The setting of your story, or the “place,” is a critical element of your story. Too often I’ve thought about a story, and figured that, oh, it takes place in a suburb. But there are many mistakes in this assumption. First, it assumes the reader is familiar with suburbs. Other countries may not have the same social constructs that we have in the states. Not only that, but what kind of suburb? Suburbs can range in climate, wealth, features. A suburb with a nearby college will be different than one just outside of a big city, and it will be different again than one centered around a ski slope or beach town. There are all types of suburbs, and we do our story an injustice when we give the reader no concrete details about where the characters are located.
1. Place is a character, but not always a major one.
While place is important, certain places are going to be more significant than others in your story. And, I would say that the place is not always a major character, but it certainly can be. Think about the difference between Hogwarts, where the school was a major character, versus the school in Eleanor & Park. Can you even think of the school in E & P? It wasn’t that important. But the school bus, on the other hand, was. Though the characters likely spent more time in the school building than on the bus, the bus was where the characters came together and so, it was where the action happened. No matter how major each place is in your story, don’t forget that it’s important and you should give it the same attention you would a character.
2. Places can have arcs, too.
The place itself may change. Think of the garden in The Secret Garden, how it went from frozen and overrun with weeds to full bloom. Not all places may change in your story, but the sense of the place will change, as well as how your characters react to it. Is home a safe place? Maybe it is until a burglary happens. That one bench under that one tree in that one park where your characters first professed their love to each? Well, how does that place look once they’ve broken up? Places and our opinions of them change all the time.
3. The borders of your places should be clear.
And by that I mean that places in your story have borders. What are those borders? Is a high school student limited to where the school bus or mom or dad takes them? That’s going to change where your character can go. Is a woman running from the police and needs to hide in public? Is your character sick and stuck in bed, being cared for by family? Or is your character wildly rich with a fleet of private jets and drivers? Maybe the world feels limitless to the wealthy businesswoman, but where are her boundaries in the places she wants to go or has the most power?

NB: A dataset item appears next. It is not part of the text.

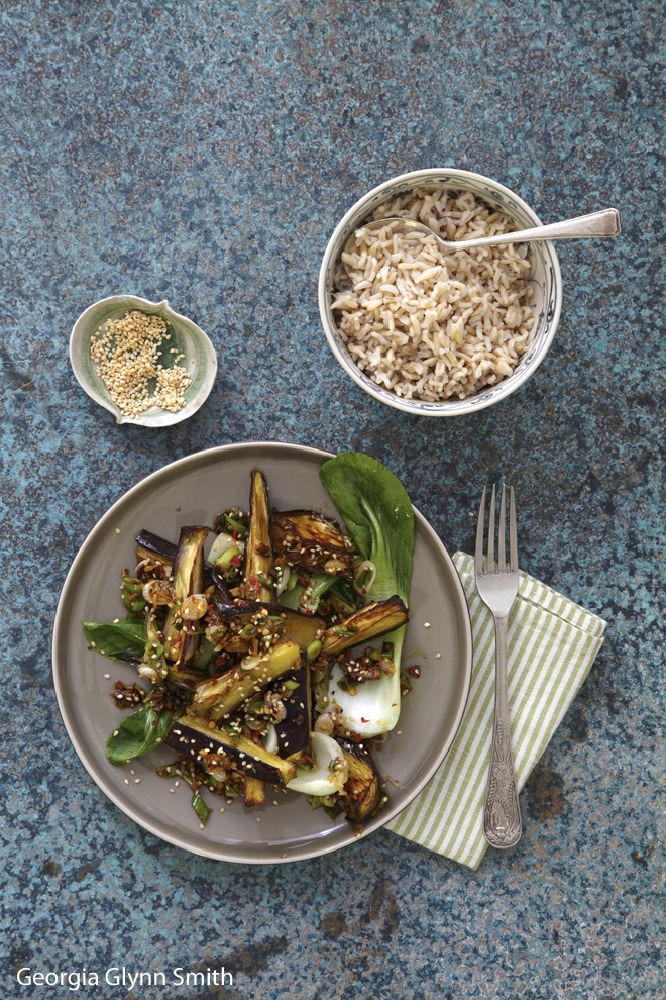 Asian Aubergine Salad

4. Safety changes with borders.
Think about which places in your story are safe and which are not and at what point they shift. Home is safe for many people, but is standing in the middle of the street that house is on still safe? A dark alley may be unsafe, but what happens when the character movies into the light and the busyness of a crowded street? Maybe it’s more about the person who affects the place. A back room at work may feel safe until a certain person arrives. The place has now changed to an unsafe place because of who’s in it. Borders can close in or expand and every time something or someone reaches one of those borders, things are going to change for better or worse.
5. Places can be plot points, but they should feel natural.
Coincidences happen. You run into someone you haven’t seen for years at the grocery store and find out they just married your second cousin’s best friend. That’s a natural coincidence if both people live or work near the area and frequent the grocery store. But when your character goes out of town and runs into that same long-ago friend who is also out of town, it may be coincidental, but it feels a lot more contrived. Your story will be more believable if your places are believable, too.
6. All actions have consequences—even for places.
Whether good or bad, all actions have consequences, but that isn’t limited to people. There is a bad hurricane. What’s the consequence for the home of your main character? Maybe it’s that a tree fell on it. Or maybe it’s the only house left standing, thereby proving the builder to be of higher quality, or your character to have better luck. When it’s light out, your place will have different consequences to the sun’s action than when it’s dark. Don’t forget to include these details and think about how your characters and how your world affects your places with their actions.
7. The combination of time, place, and consequence can make or break your tension.
It’s often not a character being in a certain place that causes a story to happen. It’s the character being in a certain place at a certain time in a certain circumstance that creates the most interest. If your character goes to work, it’s not that interesting in most cases. But if he goes to his office at night when everyone’s gone and he goes there with a video camera, there’s a very different intention there. And what happens if he runs into some while he’s there? Now you’re starting to add interest to the simple action of your character going to work. Look at how each of these elements fit together and work them to create tension, suspense, and conflict.
What are the some of the best or worst places that you’ve experienced in books?